A face you can trust?

After four seasons and 143 episodes (not counting the original unaired pilot), CBS abruptly decided to end the show. It was too expensive to produce due to the large cast and they wanted to try and recoup some of the cost in rerun sales, which they felt couldn’t be done while a show was still airing. CBS sold the rights to NBC, who saw massive returns when they aired it five days a week.

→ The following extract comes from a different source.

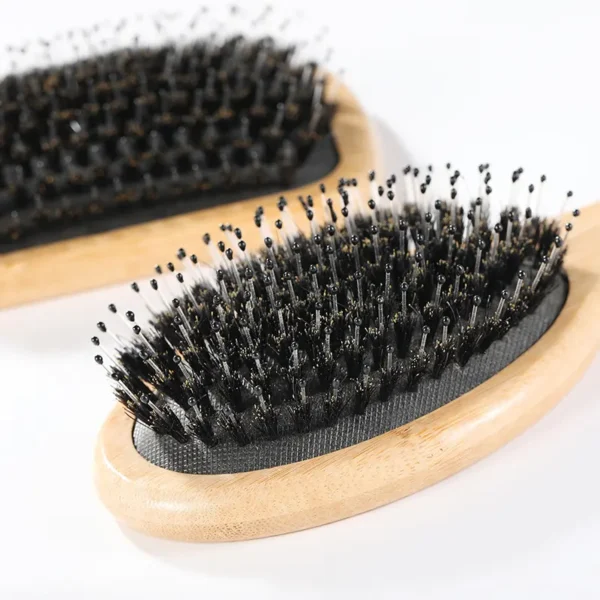 Boar Bristle Paddle Hairbrush Oval(4)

Silvers’ Bilko persona outlined the rest of his career; playing similar characters in various television shows and films. Hanna-Barbera would take inspiration from the character to churn out the titular character from Top Cat (which starred Gosfield) and Hokey Wolf, and even The Flintstones’ Dino had a Bilko-style voice for his debut episode (he just barked for the remainder of his appearances). The series would air in syndicated reruns off and on for the next several decades between network television and cable, sometimes under the titles Sergeant Bilko or Bilko. In 1996, a film adaptation starring Steve Martin was released to theaters by Universal Pictures called Sgt. Bilko. It was a critical and box office flop.